I am used to intimidation. When I was younger, working for the grocery chain as a part-timer, I had hid from one of the assistant managers. We affectionately referred to him as, The Boss Man With No Eyes. He looked like the guy, of the same name, from that old Paul Newman movie, Cool Hand Luke. He even wore the mirrored shades. The only thing missing, in fact, was the sound of rattling shackles from our chain-gang of bag boys and the high piercing words of Struther Martin— "What we have here is failure to communicate."
The Boss Man With No Eyes, could reduce a part-timer to tears, with his stone-like expression, and the gentle down curve of his lip into a snarl to show displeasure. The terrified frozen gaze of his victims captured in the reflection of his Medusa mirrored sunglasses.
"Fillin’ the cereals up here Boss."
"Go ahead boy."
"Baggin groceries over here Boss."
"Hurry it up boy."
"Carrying out for Mrs. Putz Boss."
"Don’t you get rabbit in your blood and try to run boy."

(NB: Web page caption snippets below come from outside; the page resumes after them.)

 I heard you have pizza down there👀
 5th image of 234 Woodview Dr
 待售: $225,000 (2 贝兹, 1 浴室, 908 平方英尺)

The Boss Man With No Eyes was an expert in catching people in all forms of malaise and wrongful actions, from tomfoolery, to shop lifting, to just plain goofing off. He’d materialize suddenly in his bright red assistant manager’s jacket. You’d catch him out the corner of your eye, observing whatever misdeed you were currently active in.

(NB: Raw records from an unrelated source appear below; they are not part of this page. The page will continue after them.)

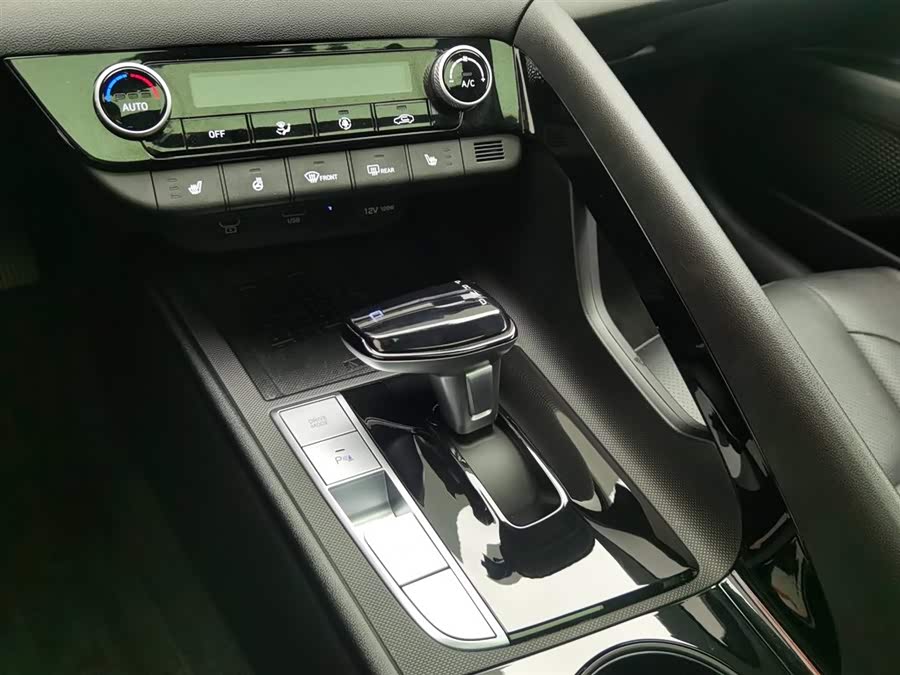 Hyundai Elantra 2023 immagine di auto #14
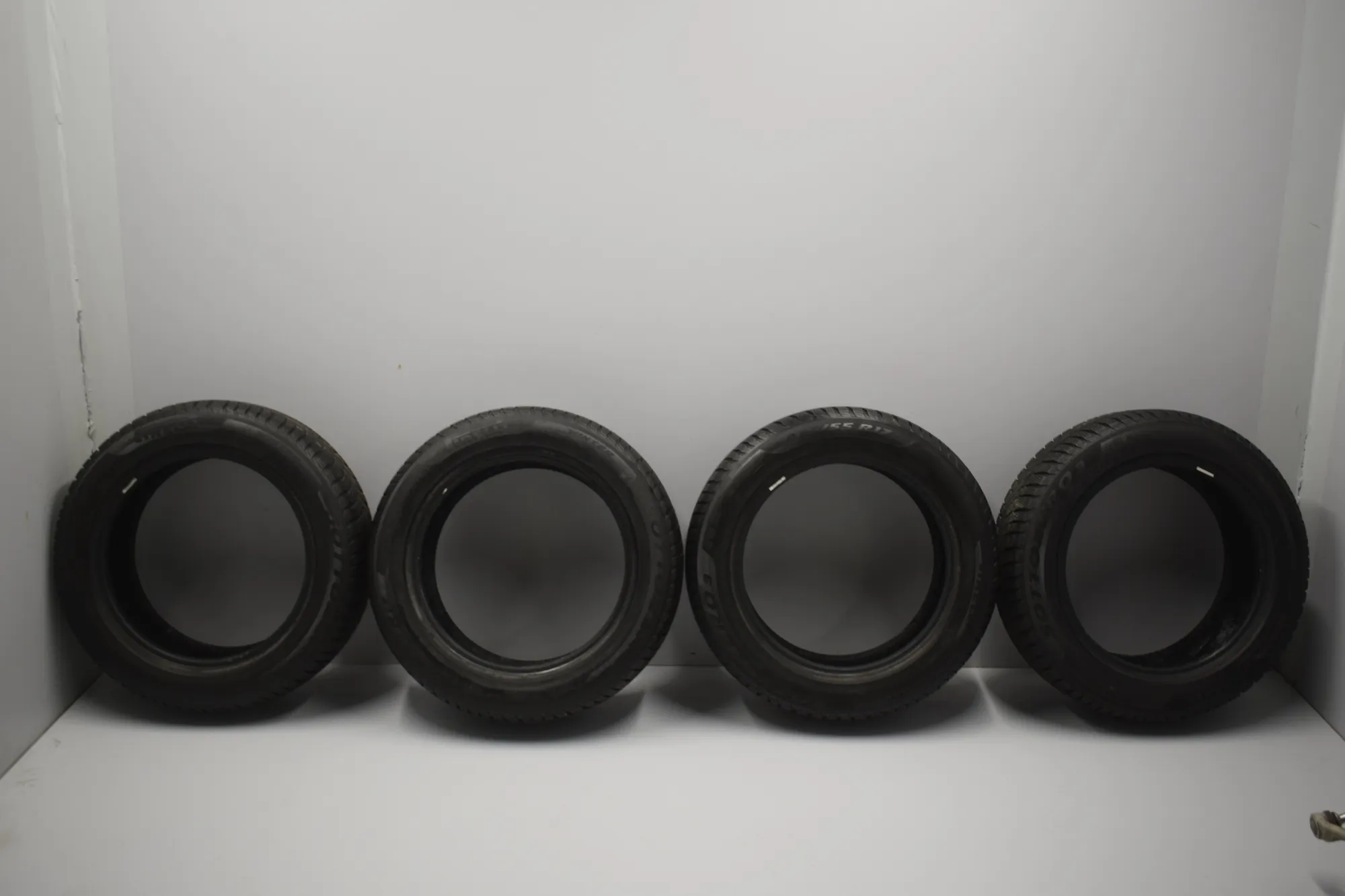 Tyre Kit · BMW 5 Touring (F11) 530 d 2011
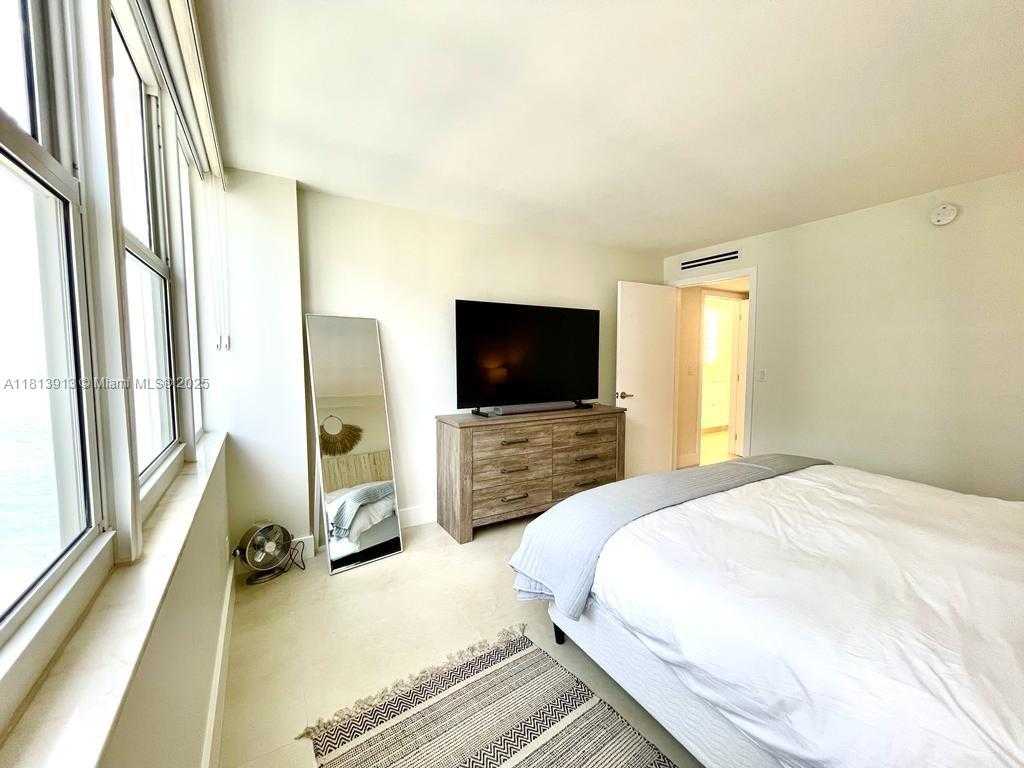 Small Image of 2030 SOUTH OCEAN DR #1521, Hallandale Beach Number 11
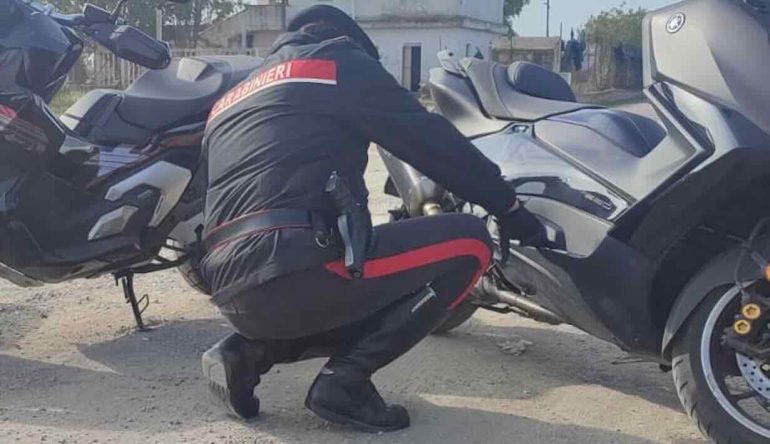 Maxi-sequestro a Mondragone: nel cortile di casa aveva quattro veicoli con i telai «tarocchi»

Once, a fellow employee, had accidentally shut the washroom light off on him, when he had been on the toilet doing his business. I saw the blur of my unfortunate co-worker, aghast at his mistake, as he scurried past the lunch room with saucer-like eyes, panting while he ran in a horrified panic. He was followed by the blur of The Boss Man With No Eyes, his belt buckle still undone and clinking against his zipper. His cherry red jacket was like the flashing beacon of a police cruiser in hot pursuit. I thought, my poor fellow grocery clerk was going to end up in intensive care that day, when The Boss Man got his hands on him. Instead a three-day suspension from work was handed out as punishment. The employee needed at least that amount of time to get the pee stain out of his pants and had created a comparable puddle among the rows of feminine hygiene products.
"Cleanin’ up in aisle seven Boss."
"Go ahead boy."
If nothing else, that job taught me how to handle a constant barrage of criticism and intimidation, like a tennis pro firing volley after volley at my head from just beyond the net. Jacob, reminds me of The Boss Man. The intensity of his intimidation however, can be ten fold and much harder to adapt to. Eventually no matter how much you may be prepared, Jacob’s ebbing flow of criticism, (or what I like to call specific suggestions of perfectionism),will eventually break through your levee.

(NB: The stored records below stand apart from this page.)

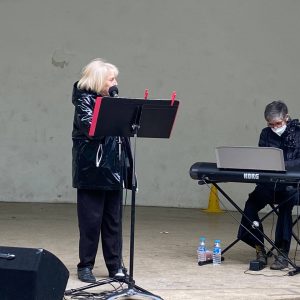 photo6017090332786800110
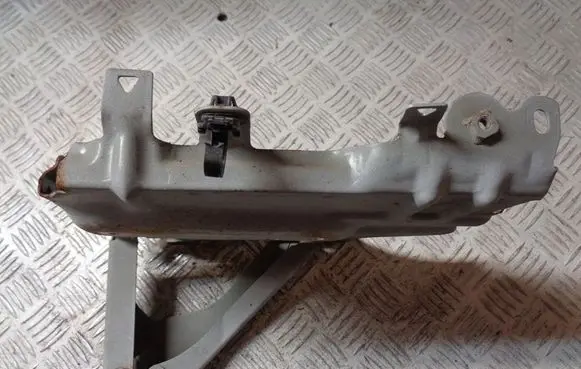 Peugeot 108 Battery tray 20515A292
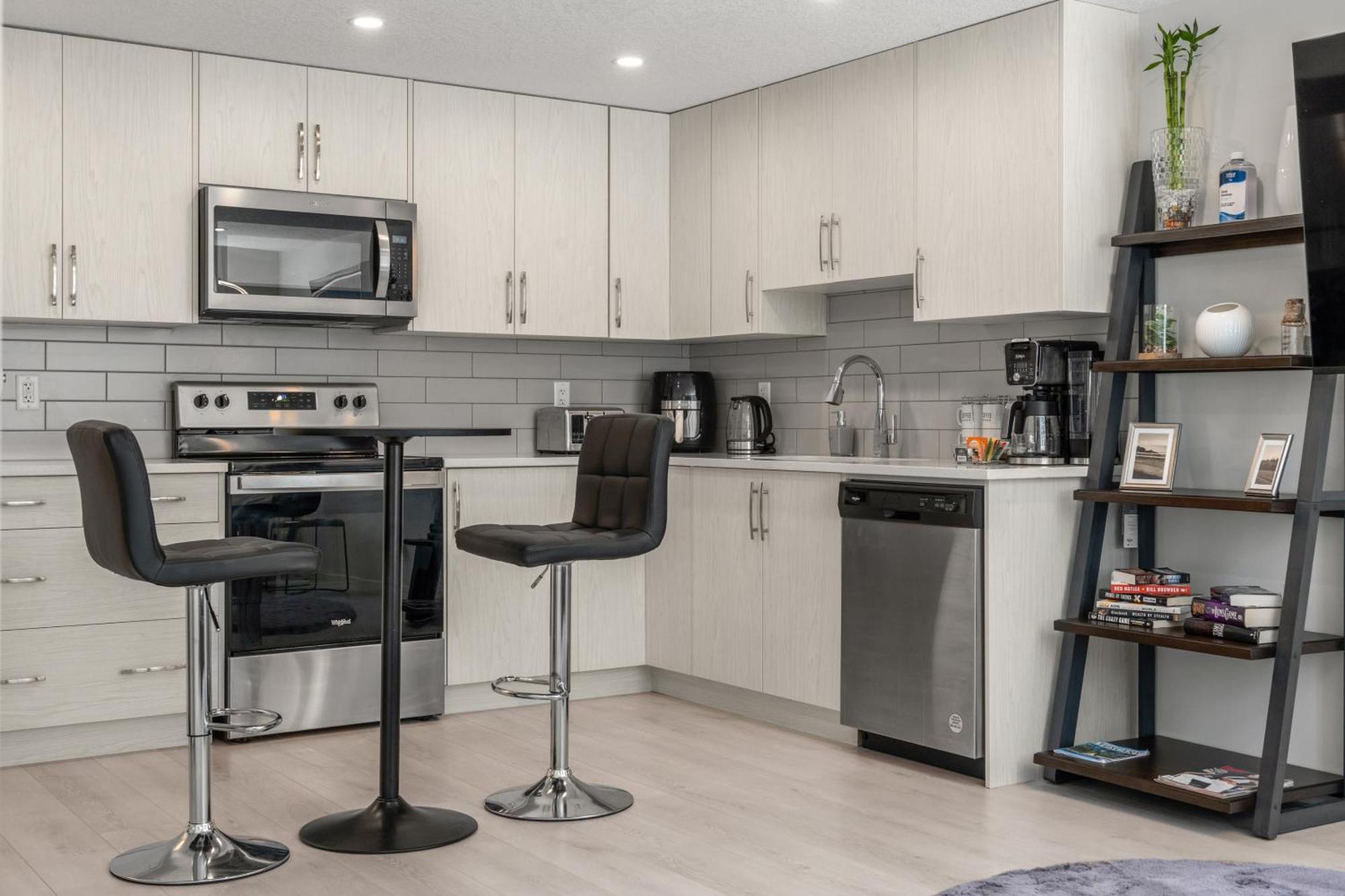 Cozy Rockland Park Unit+Parking Lejlighed YYC Eksteriør billede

My thoughts turned to all the employees who had passed through our doors. Names and faces now faded and hardly distinguishable. It seemed like thousands. Legions upon legions of morons and malingerers. Buried deep under a mountain of old pay-slips. Resting in peace in a new vocation on the outer rim of our little galaxy, asteroids floating aimlessly, hunks of rock in various orbits occasionally colliding with other objects to obliterating ends.
There are, however, a few employees that escaped the verbal abuse and critiques. Employees that Jacob took a liking to and who could do no wrong. Giving them a job was his way of doing a mitzvah or good deed he’d tell people. I knew what I had to do to place myself in this category amidst the most revered, but I had to draw the line at the breast implants.
Then there were past employees like Bubba who must feel that their time at Ultimate Produce was like being a P.O.W. except you got a paycheck at the end of the week. Over time, some were released on their own recognizance. Some received a stay of execution with a last minute call from the Governor and some, I’m sure, just tunneled out. For those who couldn’t cut it and eventually left, it was like a scene from a trauma center. Can you show me using this doll how Jacob treated you?
I had lost count of how many must check the obituaries daily in hopes of seeing his name there and I was certain that I even worked with a few of them still.